Copy word for word the lines of the records below, beginning at the one with "Un mozo esquiva" and finishing at the one with "a view of a", ends included, but none of the pictures.

RECORDS SUPPLIED Block Start

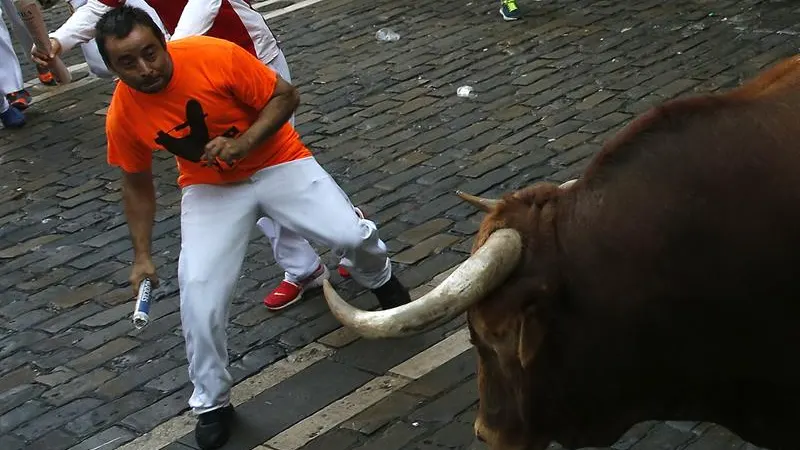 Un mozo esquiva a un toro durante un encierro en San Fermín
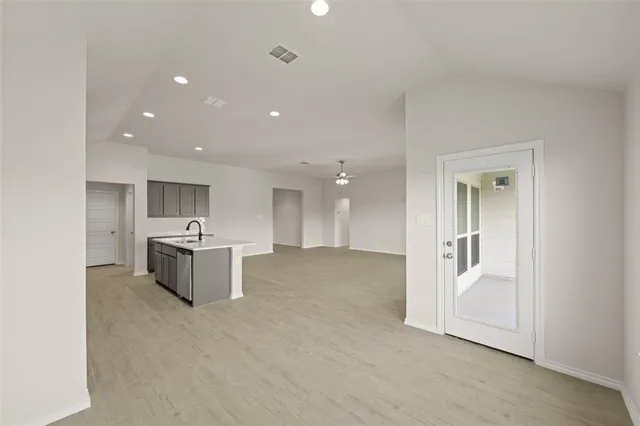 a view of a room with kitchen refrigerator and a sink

RECORDS SUPPLIED Block End
RECORDS SUPPLIED Block Start

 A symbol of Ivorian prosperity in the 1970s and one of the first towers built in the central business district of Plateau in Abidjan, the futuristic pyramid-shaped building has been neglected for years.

RECORDS SUPPLIED Block End

- PROBLEM SOLUTION
 Un mozo esquiva a un toro durante un encierro en San Fermín
 a view of a room with kitchen refrigerator and a sink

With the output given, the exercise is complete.